Alors que la société Triplet développe une thérapie ciblant MSH3, ils souhaitent également mieux comprendre quand traiter au mieux les patients et quels patients bénéficieraient le plus de thérapie ciblant MSH3.

Pour mieux comprendre comment l’expansion de répétitions CAG est liée aux symptômes MH, les chercheurs ont besoin de suivre des personnes au fil du temps.
L’étude SHIELD-HD est une étude d’histoire naturelle – elle n’implique pas de médicament mais elle surveille des personnes porteuses du gène MH qui présentent des symptômes très précoces.

Ils ont suivi des patients MH pendant plus de deux ans et ont prélevé divers échantillons, en ce compris du sang et du liquide céphalo-rachidien.
Ils ont également analysé le cerveau des patients à l’aide de scanners IRM.
Ils ont constaté que différentes régions cérébrales, appelées noyau caudé et ventricules, avaient changé de taille au fil du temps au cours de la période de 48 semaines d’étude SHIELD-HD.
C’est ce à quoi les chercheurs s'attendaient à mesure que les symptômes progressent chez les personnes MH.

L’étude a également examiné une autre mesure appelée le score moteur total pour voir comment celui-ci a changé au fil du temps chez les personnes participant à l’essai.
Comme prévu, celui-ci a également diminué au fil du temps et davantage pour les patients aux derniers stades de la MH.
Bien que ces changements soient prévus chez les patients MH, l’essai SHIELD-HD fournit aux chercheurs un ensemble de données complet pouvant être utilisé afin de mieux faire des prédictions s’agissant de l’évolution de la MH.
Ces types d’ensemble de données pourraient aider à accélérer la recherche du bon type d’essai clinique pour les patients en fonction du stade où ils se trouvent pendant la maladie.

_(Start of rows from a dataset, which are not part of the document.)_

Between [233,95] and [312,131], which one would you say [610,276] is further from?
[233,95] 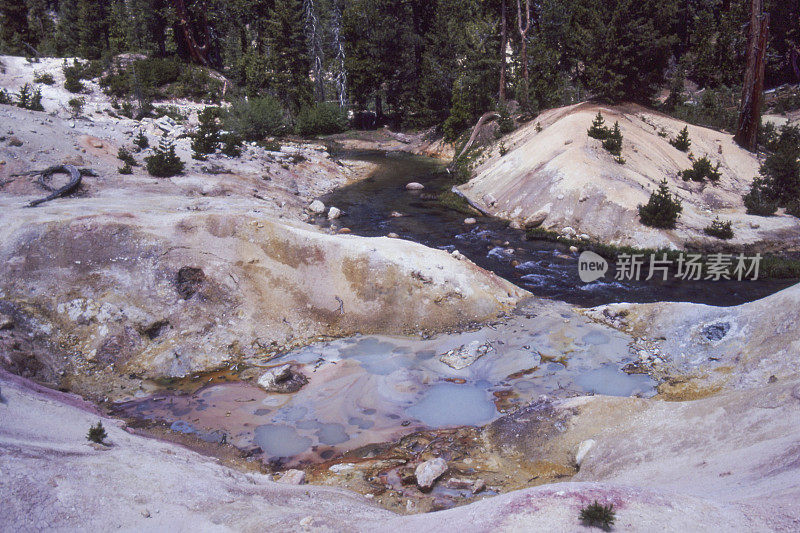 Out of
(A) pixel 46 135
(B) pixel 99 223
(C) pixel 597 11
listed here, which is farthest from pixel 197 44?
(B) pixel 99 223

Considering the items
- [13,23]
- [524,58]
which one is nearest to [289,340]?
[524,58]

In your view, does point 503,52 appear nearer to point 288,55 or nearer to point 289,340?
point 288,55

La société Triplet partagera ensuite des mises à jour s’agissant de leur médicament ciblant le gène MSH3.
Ils ont réalisé des expériences chez les singes afin de voir comment la diminution des taux de MSH3 affectait leurs répétitions CAG.
En diminuant MSH3 de 50% chez les singes, ils ont constaté que l’expansion somatique était stoppée !
Si cela se traduit chez les patients MH, cela pourrait retarder considérablement l’âge auquel les patients commencent à développer des symptômes.

La société Triplet s’intéresse également à la mesure des taux de MSH3 pour suivre la progression de la maladie MH et l’efficacité du traitement.
Mais ils se sont heurtés à un défi car il est difficile de détecter ce gène dans les tissus cérébraux.
Pour contourner ce problème, l’équipe de la société Triplet a examiné l’expression de MSH3 dans le liquide céphalo-rachidien provenant des participants MH de l’étude SHIELD-HD.
Ils ont dû développer une technique très sensible.
Ils continuent d’expérimenter différentes manières de prélever des échantillons de liquide céphalo-rachidien et de cerveaux chez les singes, ainsi que de tester le médicament qu’ils développent, appelé TTX-3360.

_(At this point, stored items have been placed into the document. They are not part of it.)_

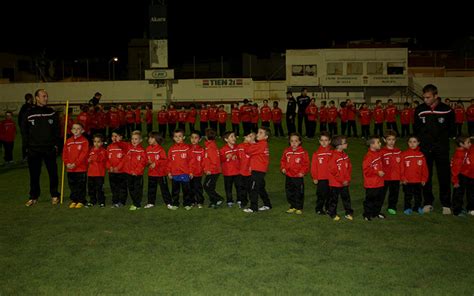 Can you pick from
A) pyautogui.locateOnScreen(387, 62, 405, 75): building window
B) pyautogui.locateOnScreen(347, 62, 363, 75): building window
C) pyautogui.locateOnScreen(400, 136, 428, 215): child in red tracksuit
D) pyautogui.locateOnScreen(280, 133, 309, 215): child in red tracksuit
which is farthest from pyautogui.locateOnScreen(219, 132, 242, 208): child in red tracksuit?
pyautogui.locateOnScreen(387, 62, 405, 75): building window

Ils examinent les taux de MSH3 dans le liquide céphalo-rachidien des patients aux différents stades de la maladie.
Ils n’ont constaté aucune différence dans ces taux entre les individus non atteints de la MH et ceux atteints de la MH qui ne présentaient pas de symptômes ou se trouvaient à un stade précoce de leur maladie.
Ces résultats sont importants car ils donnent aux chercheurs de la société Triplet une lecture de base de MSH3 à suivre lorsqu’ils déplacent le médicament TTX-3360 vers un essai clinique de phase 1 et cherchent à voir comment les taux de MSH3 changent avec le traitement.
Les essais observationnels, comme SHIELD-HD, collectent non seulement de nombreuses données précieuses auprès des patients MH au fil du temps mais ils permettent également aux chercheurs de développer de nouveaux traitements potentiels comme ceux décrits aujourd’hui par la société Triplet. 

De nouvelles connaissances biologiques

Le Dr. Beth Stevens de l’Hôpital des enfants de Boston et de l’institut Broad a parlé de ses recherches, lesquelles pourraient fournir des informations pour amener des traitements vers la clinique.
Elle étudie encore une autre cellule cérébrale spécialisée, appelée microglie, qui agit en tant que système immunitaire du cerveau, le protégeant contre les envahisseurs, et aidant à nettoyer les débris laissés par les cellules cérébrales endommagées.

Les cellules de la microglie sont minuscules (d’où le mot "micro") et ne représentent qu’environ 10% des cellules cérébrales.
Mais lorsqu’elles subissent des dommages, ou des bactéries envahissantes, elles s’activent et se mettent au travail pour nettoyer les dégâts.
Cette activation de ces cellules auxiliaires clés est normalement une bonne chose pour le cerveau mais dans une gamme de maladies, en ce compris la MH, les chercheurs ont pensé qu’elles pourraient être un peu trop actives.

Stevens est une experte mondiale sur le rôle de la microglie dans la santé et la maladie.
Elle a montré que l’un des rôles de la microglie dans le cerveau est d’absorber les synapses – le lien en forme de bulbe entre les cellules cérébrales de communication appelées neurones.
Les synapses sont nécessaires mais ont besoin d’être nettoyées pour encoder de nouvelles informations dans le cerveau.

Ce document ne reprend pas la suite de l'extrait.